Clearly a modern PC can handle this size problem, but what do we do if it does take to long to run the full best subset regression? In that case we might try and use some knowledge of the subject matter, which is a very good idea at any rate. For example we notice that variables fai, pa amd ma are dummy variables that together describe the type of road used. So we should only look at models that either have all three variables in them, or non at all. Another consideration is the variable len, the length of the highway. It is reasonable to assume that this variable should be included, no matter what the "statistics" say. With this we are now down to 210=1024 models. Unfortunately I don't know of any routine for R that would let us run the best subsets regression for this models.

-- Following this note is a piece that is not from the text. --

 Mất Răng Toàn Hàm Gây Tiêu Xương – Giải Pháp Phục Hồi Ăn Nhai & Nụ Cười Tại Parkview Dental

Even using all our "subject-matter knowledge" there will still be problems with too many predictors to run a best subset regression. For those problems a variety of model-selection strategies have been invented. One of them is "backward selection":

• 1) Compute the model with all the predictors in it.
• 2) Compute all the models with one of the predictors left out.
• 3) If none of the models with one predictor left out is "better" than the full model, stop
• 4) If some are "better" find the predictor that gives the best improvement, drop this predictor from the full model and then go back to 2.

"better" here can be any of the measures described above. Because we are now comparing "nested" models, that is the predictors in one model are a subset of the predictors in the other model, we can also use the F-test.

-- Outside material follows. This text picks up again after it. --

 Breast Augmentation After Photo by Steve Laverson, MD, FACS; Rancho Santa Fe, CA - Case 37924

In R there are some special funtions to carry out this procedure. One is drop1 which computes all the models with one predictor left out and the other is update which recomputes the fit with a specified predictor left out. In

highway.fun(6)

we carry out the first step. We find that shld is the least significant variable (F=0.0076) and so we remove it from the model.
In

highway(7)

we continue on. We drop variables as follows:

2) lane, F=0.0089
3) adt, F=0.0051
4) fai, F=0.1368.

Because of the discussion above we now also drop pa and ma.


5) lwid, F=0.3471
6) itg, F=0.4025
7) trks, F=1.1329
8) sigs, F=2.0185

At this point the remaining variables len, slim and acpt all have large F-values (or small p-values) and so we stop.

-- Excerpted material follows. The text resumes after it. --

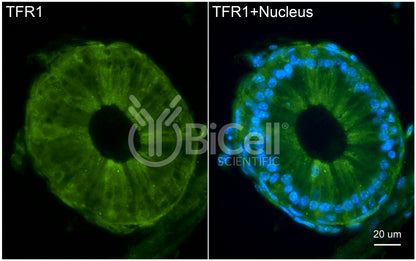 TFRC (TFR1 or CD71) Antibody - FFPE Validated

Instead of "backward selection" we can also try "forward selection":

• 1) Compute all the models based on one predictor and choose the "best" of those model.
• 2) Compute all the models with one of the other predictors added on.
• 3) If none of the models with the new predictors is "better" than the old model, stop.
• 4) If some are "better" find the predictor that gives the best improvement, add this predictor to the old model and then go back to 2.

The function add1 helps with carrying out this method.

A third popular method is called "stepwise regression". Here we combine the forward and backward methods, that is in each step we check all the models with one predictor dropped or one predictor added to the current model and go to the best of those, if it is better than the current model.

highway(8)

runs the "step" command which carrys out this idea. It uses AIC (Akaike's information criterion) to choose between models. It comes up with a model based on len, slim, sigs, acpt and pa.

It is important to remember that none of these methods can be expected to work well all the time. A good policy is to use them all, and then compare the final models to see how they differ.